Halimba: During the excavation of Halimba between 1952 and 1955 six circular- and rectangular-shaped ditches from the Roman period were found and were thought to be houses and outhouses by the excavator, Gyula Török. But these features were only surrounds of urn burials, so they can’t be considered as proofs of circular building in the Pannonian vici.

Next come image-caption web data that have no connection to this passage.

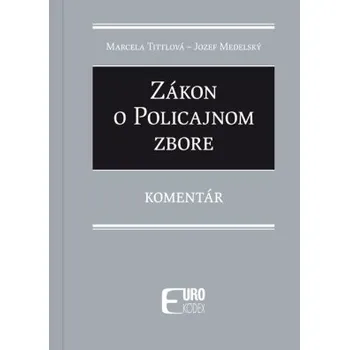 Zákon o Policajnom zbore Komentár - Marcela Tittlová Jozef Medelský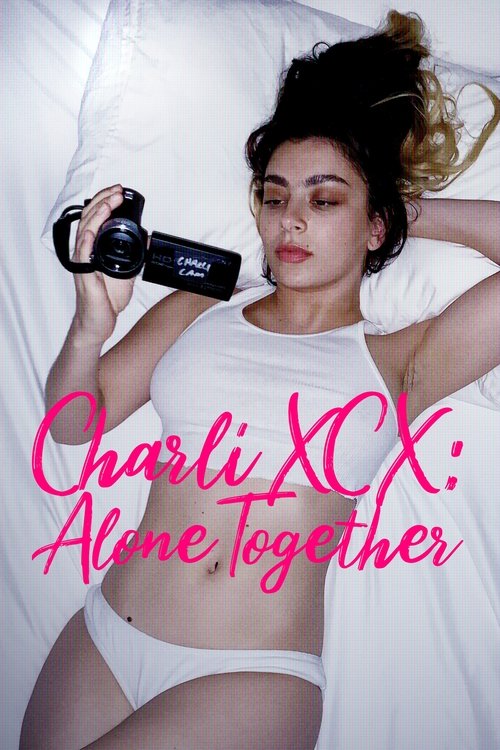 Charli XCX: Alone Together poster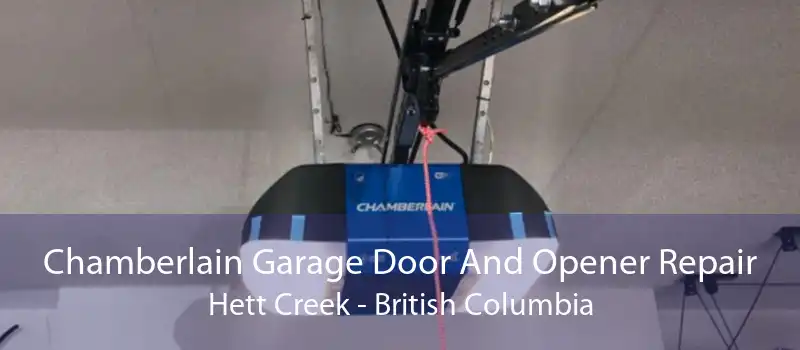 Chamberlain Garage Door And Opener Repair Hett Creek - British Columbia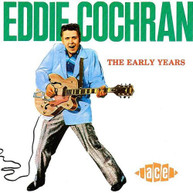 EDDIE COCHRAN - EARLY YEARS (UK) CD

There are great differences between the settlement system of the auxilarian and "civic" vici. The former are not scattered but well-arranged, most of the buildings are oriented at the same direction according to the excavations. It can be concluded from this that some kind of dividing of the building site was executed here. The vicus of Arrabona was built with some kind of regularity, the house and road system of it were built along the road leading to the camnp. The orientation of the vicus is the same as that of the castrum. The centre of the vicus is more desnely populated, the houses become sparser on the way out.
In Albertfalva, for example, two periods can be observed: the houses were either oriented East-West or North-South. In Pannonia, where the field mad it possible, the settlement surrounded the fortress from three sides. This was not really like this in the other parts of the empire where the vicus lies either along the road coming from the camp or between the camp and a road.
Those village-like settlements which did not lie next to the camps are less arranged. One part of the settlement in Ménfőcsanak is arranged in lines, whereas the other part in groups. In Halimba, some excavated buildings from a group.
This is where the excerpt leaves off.